TASK REQUIREMENTS: After locating the line with "bedroom with ceiling" in the data that follows, return it and every later line exactly, up to and including the line with "Attached 3/4 bath in second bedroom.".

↓↓↓

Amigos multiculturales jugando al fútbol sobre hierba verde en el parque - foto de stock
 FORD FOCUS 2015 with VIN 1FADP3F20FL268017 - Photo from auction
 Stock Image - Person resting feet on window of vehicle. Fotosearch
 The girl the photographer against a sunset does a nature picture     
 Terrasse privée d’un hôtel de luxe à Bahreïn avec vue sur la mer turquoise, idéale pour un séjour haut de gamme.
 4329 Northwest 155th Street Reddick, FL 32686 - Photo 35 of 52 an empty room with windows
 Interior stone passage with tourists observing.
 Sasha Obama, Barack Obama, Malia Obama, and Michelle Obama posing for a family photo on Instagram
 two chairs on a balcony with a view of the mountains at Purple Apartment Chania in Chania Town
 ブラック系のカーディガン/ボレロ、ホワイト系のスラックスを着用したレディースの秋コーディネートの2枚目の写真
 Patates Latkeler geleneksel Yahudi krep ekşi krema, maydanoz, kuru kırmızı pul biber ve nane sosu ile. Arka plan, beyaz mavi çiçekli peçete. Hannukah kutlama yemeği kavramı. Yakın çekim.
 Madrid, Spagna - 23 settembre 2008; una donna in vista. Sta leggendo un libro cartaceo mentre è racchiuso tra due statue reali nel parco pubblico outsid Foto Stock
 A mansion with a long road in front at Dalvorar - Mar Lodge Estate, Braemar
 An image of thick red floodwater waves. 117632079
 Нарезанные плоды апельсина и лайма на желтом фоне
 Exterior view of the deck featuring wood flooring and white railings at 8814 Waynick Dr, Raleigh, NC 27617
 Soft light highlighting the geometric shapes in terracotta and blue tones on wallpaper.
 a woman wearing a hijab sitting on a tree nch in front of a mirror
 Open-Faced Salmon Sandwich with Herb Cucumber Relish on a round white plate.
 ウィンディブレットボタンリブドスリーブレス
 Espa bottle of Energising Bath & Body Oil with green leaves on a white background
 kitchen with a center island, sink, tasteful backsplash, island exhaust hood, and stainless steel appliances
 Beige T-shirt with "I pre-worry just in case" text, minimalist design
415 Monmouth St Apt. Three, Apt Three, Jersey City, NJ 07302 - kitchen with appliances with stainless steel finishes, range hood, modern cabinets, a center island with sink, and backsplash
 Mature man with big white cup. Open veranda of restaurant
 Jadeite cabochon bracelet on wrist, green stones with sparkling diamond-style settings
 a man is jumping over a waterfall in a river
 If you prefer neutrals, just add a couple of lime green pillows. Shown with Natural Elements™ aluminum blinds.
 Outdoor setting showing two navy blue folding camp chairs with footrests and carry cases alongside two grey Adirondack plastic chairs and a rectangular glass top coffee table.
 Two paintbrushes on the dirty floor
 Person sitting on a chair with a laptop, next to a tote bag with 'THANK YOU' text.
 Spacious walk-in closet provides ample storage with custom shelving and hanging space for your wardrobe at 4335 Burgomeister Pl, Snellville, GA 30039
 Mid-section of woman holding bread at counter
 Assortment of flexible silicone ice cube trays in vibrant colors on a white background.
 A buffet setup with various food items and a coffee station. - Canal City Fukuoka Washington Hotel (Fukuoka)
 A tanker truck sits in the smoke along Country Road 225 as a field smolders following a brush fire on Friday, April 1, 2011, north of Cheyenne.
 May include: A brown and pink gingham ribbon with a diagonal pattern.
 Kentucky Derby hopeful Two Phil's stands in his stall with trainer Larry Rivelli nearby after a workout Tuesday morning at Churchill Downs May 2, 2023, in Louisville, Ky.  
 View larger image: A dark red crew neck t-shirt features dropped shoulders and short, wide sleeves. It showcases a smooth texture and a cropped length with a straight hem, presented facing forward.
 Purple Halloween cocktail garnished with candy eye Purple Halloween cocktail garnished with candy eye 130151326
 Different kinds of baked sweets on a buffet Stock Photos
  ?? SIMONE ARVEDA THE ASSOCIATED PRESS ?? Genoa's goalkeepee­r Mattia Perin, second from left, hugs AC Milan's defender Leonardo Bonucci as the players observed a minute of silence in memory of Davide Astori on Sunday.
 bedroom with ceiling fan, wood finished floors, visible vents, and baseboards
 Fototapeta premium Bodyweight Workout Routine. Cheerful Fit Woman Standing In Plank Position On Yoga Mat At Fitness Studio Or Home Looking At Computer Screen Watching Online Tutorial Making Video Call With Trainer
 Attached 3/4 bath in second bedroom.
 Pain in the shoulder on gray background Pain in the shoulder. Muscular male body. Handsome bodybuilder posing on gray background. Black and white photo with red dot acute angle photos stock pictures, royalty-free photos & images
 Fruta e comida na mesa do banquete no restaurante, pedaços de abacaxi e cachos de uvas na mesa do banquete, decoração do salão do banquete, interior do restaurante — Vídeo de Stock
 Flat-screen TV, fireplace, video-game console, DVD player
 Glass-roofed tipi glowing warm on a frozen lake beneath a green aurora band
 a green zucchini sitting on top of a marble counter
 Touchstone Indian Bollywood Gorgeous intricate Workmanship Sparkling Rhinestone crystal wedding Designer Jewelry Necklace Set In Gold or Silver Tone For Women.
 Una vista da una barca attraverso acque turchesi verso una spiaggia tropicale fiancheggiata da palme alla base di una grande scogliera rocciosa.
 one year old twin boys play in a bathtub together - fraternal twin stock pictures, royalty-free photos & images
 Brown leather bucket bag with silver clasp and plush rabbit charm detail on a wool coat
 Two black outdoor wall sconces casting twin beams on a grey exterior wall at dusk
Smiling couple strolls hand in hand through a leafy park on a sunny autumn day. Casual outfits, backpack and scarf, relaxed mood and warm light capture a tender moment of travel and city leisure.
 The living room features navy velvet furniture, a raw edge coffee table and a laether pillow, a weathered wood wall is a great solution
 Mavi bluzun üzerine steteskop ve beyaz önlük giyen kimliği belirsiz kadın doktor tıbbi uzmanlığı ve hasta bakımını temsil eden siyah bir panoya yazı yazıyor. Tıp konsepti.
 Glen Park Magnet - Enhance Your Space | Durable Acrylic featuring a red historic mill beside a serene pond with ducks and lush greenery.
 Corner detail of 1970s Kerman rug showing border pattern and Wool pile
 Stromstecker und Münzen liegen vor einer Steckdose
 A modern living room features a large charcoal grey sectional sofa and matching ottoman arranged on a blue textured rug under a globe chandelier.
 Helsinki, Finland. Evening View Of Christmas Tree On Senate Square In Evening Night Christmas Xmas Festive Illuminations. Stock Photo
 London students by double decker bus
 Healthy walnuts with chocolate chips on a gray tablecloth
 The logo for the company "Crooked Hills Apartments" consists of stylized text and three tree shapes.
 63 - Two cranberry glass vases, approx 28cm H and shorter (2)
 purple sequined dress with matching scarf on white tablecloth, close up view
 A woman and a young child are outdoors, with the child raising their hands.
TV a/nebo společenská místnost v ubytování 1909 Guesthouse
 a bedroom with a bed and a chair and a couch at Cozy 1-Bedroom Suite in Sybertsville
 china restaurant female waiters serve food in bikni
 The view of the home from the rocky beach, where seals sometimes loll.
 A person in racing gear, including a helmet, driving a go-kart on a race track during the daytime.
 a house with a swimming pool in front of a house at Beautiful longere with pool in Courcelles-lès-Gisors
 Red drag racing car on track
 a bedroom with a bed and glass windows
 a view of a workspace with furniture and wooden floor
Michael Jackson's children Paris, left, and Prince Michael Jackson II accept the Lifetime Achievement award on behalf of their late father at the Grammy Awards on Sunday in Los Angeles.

↑↑↑

EXERCISE ANSWER:
 bedroom with ceiling fan, wood finished floors, visible vents, and baseboards
 Fototapeta premium Bodyweight Workout Routine. Cheerful Fit Woman Standing In Plank Position On Yoga Mat At Fitness Studio Or Home Looking At Computer Screen Watching Online Tutorial Making Video Call With Trainer
 Attached 3/4 bath in second bedroom.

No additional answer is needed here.